I could not agree more.
In my day, a college degree was a bonus in life as not everyone was going to get one.
Today the expectation, even for those not really prepared or qualified, is to go to some kind of institution of higher learning. It's been a boon for the college loan industry but has truly watered down what it means to have the credentials.
The other end of the equation is that kids float through four years of soft classes and are completely unprepared to really do anything that would be of value to a company or small business.
I was thinking about this this morning. My son has two room mates who graduated from prestigious colleges. One is a landscape coordinator and the other is (having to take classes after college) a graphic designer.
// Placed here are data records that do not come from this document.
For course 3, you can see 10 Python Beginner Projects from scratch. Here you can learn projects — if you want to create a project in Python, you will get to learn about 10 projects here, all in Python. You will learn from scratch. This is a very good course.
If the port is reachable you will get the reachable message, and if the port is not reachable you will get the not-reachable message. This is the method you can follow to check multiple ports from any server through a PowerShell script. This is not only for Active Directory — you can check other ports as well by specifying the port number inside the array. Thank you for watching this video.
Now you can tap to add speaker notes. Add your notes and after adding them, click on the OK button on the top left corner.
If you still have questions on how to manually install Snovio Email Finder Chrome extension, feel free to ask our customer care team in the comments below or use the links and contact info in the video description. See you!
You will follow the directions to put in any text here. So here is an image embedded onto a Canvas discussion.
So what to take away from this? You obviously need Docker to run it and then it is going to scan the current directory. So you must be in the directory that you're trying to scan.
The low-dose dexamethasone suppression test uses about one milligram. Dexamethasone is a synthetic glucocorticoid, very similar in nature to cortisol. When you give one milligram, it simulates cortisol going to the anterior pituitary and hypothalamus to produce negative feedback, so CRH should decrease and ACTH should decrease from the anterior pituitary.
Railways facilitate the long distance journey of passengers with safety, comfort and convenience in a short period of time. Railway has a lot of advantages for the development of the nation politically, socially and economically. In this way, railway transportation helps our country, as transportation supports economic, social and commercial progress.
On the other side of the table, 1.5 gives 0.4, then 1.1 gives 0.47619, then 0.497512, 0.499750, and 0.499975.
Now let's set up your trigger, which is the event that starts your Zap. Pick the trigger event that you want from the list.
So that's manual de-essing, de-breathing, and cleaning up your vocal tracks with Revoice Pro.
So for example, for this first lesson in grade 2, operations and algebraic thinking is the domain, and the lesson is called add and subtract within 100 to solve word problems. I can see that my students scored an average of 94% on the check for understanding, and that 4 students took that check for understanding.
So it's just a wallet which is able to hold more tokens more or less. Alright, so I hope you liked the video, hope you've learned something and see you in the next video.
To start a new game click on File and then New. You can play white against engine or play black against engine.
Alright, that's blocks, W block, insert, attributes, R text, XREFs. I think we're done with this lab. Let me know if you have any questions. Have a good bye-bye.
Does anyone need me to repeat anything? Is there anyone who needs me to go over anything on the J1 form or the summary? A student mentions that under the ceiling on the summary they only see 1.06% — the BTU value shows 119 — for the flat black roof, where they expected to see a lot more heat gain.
$200k per for an education that didn't get them much further than a good high school curriculum might have.
I think there are two things at work here.
First, I suspect some employers are looking for college graduates in hopes that at the end of college, the graduates will have learned what previous generations had learned before they were issued high school diplomas.
Second, a lot of employers are using a college degree as a substitute for testing, which a lot of employers used before a series of dubious court rulings made pre-employment testing difficult. When the courts began to reconsider the rulings, Congress stepped in and wrote the reversed court decisions into law.
At the turn of the century, most people had only an eighth grade education. Unless one was wealthy or incredibly gifted, the expectation was that you finished school when you either showed no aptitude for it or you were old enough to work. And that's what most did.
Many of the great innovators of the late 19th and early 20th centuries were people who were products of the eighth year of schooling and in general most of that era were the most productive of our time.
Now, we have a population that for the most part are the results of sixteen years of education and fewer are productive or innovative to any real degree.
Even those who have technologically transformed the late 20th into the aughts were, by in large, kids who may had started but never finished college.
The key is that there are lessons that can not be taught in a classroom and sometimes real world practical experience that requires a certain amount of mental or physical sweat trumps institutional learning.
There is no better proof of this than to observe the incompetent, over-educated political class that we currently have running this country.